Mis.Steps: Our Missed Connections with Pittsburgh’s City Steps

Laura Zurowski (US)

Blue Bird Sessions on Wednesday 28 October 08:00 EST (12:00 GMT) @lzurowski

Note: this event will take place on Twitter

Pittsburgh has more public staircases than any city in the United States. With over 739 sets of stairways – containing more than 45,000 individual steps – public staircases were an engineering approach to mass transportation in the late nineteenth and early twentieth centuries that addressed the topography upon which the City is built.
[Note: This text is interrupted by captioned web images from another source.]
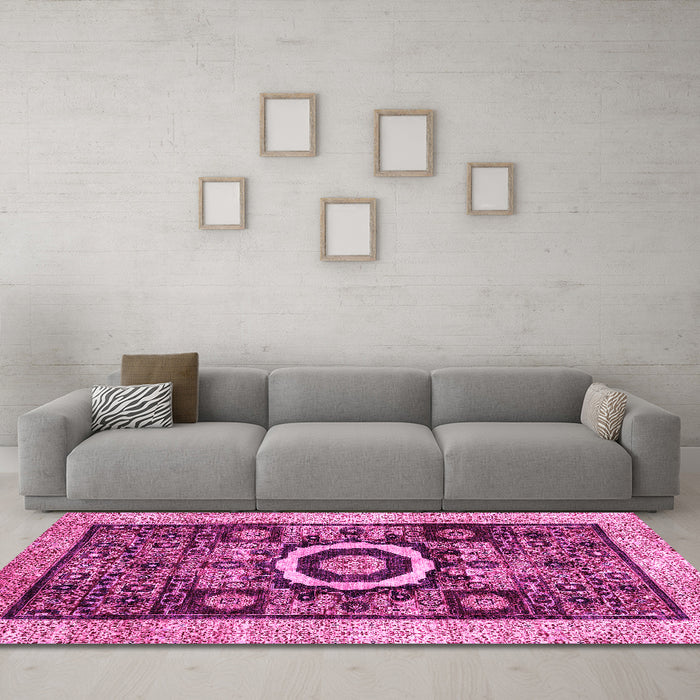 Machine Washable Abstract Pink Modern Rug in a Living Room, wshabs2348pnk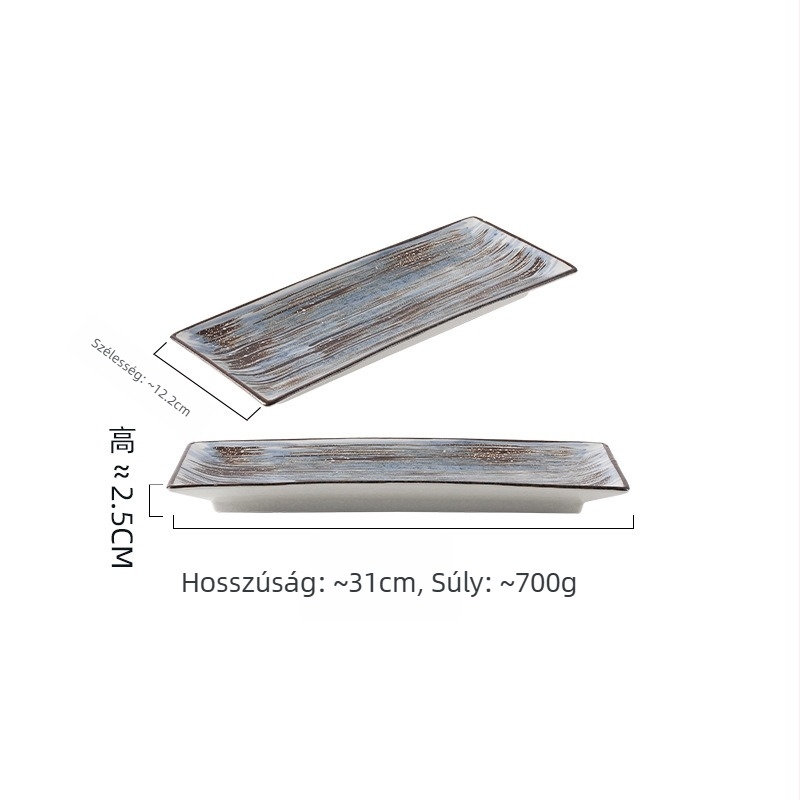 Retro japán stílusú sushi tál kerámiából, téglalap alakú, alglazúrozott
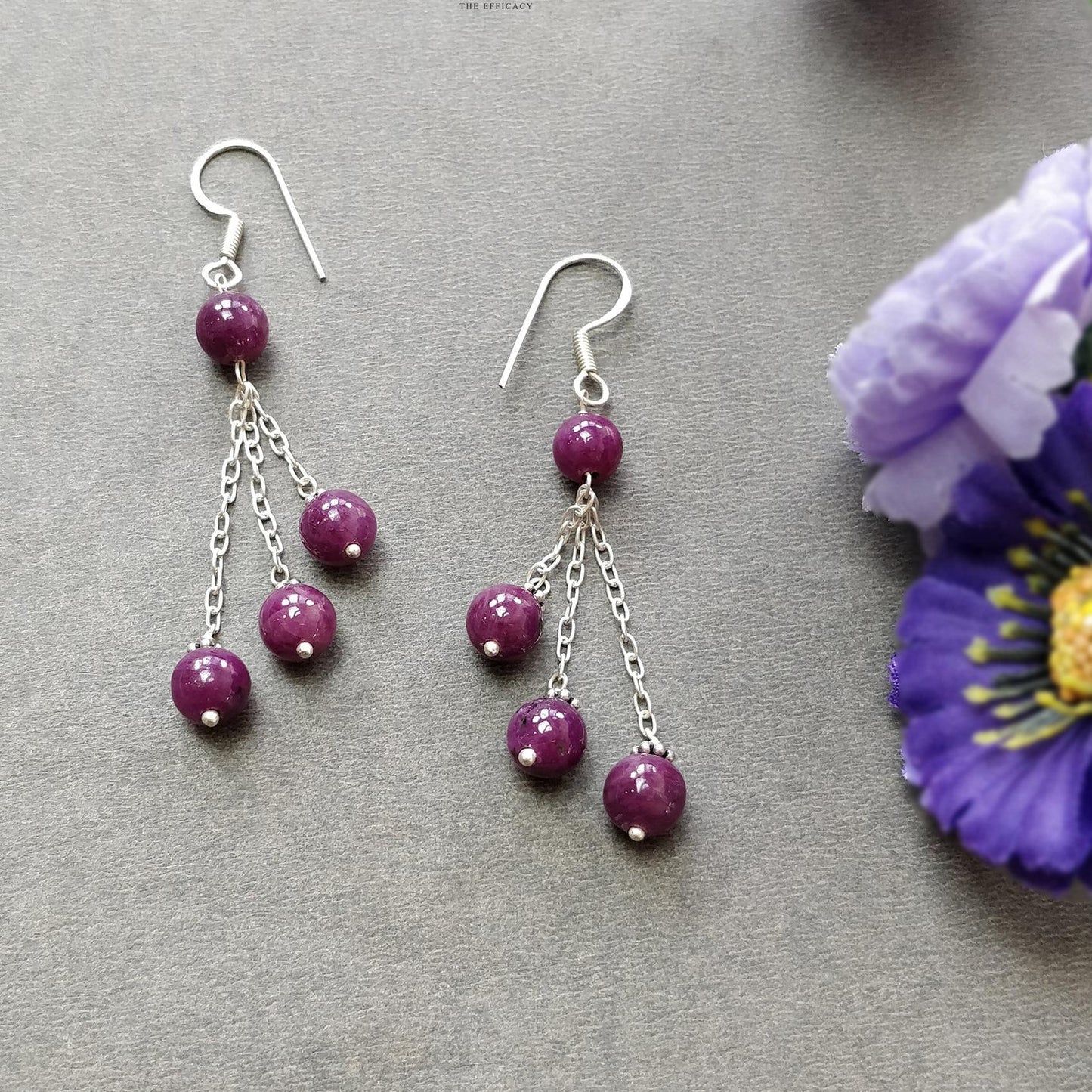 Ruby Gemstone 925 Sterling Silver Beaded Earrings : 8.27gms Natural Untreated Long Drop Dangle Ear Wire Hook Earrings 2.5"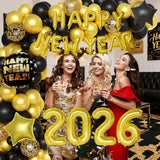 New Year Decorations 2026 with Black Gold Balloons Garland,Happy New Year Foil Balloon Banner, 32 Inch 2026 Number And Star Foil Balloons For 2026 Eve Decorations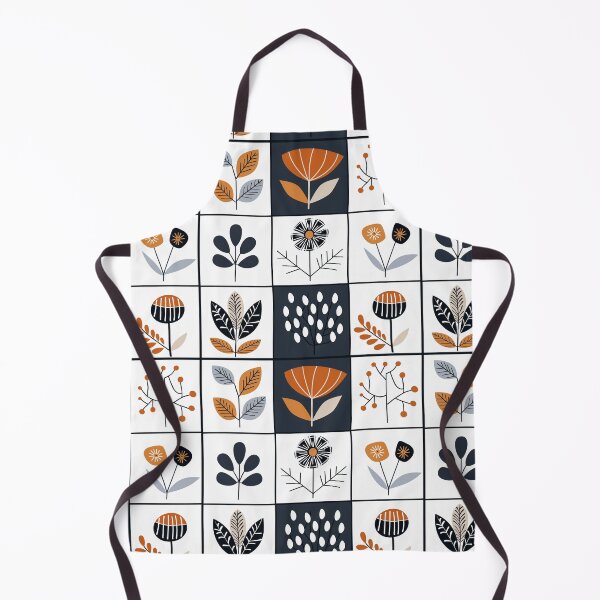 Item preview, Block pattern Boho aesthetic plants pattern Scandinavian folk art cottage core designed and sold by TankandDPS.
Located at the confluence of two rivers which cut through elevated land of the Appalachian Plateau, the city is settled at elevations ranging from 710 to 1,370 feet (220 to 420 m) above sea level. 

Constructed to bring workers from the “houses in the hills to the riverfront mills”, the earliest public staircases date back to the 1860s and were constructed from wood. However, a significant city-wide investment in municipal infrastructure occurred in the post-WWII era when the city’s population crested at nearly 700,000. Despite the recent decades of faltering economies and significant depopulation, almost all the public staircases are still viewable if not traversable. In 2017, writer and photographer Laura Zurowski began systematically documenting the stairways and to-date has visited over 500 locations throughout the city’s 90 neighborhoods.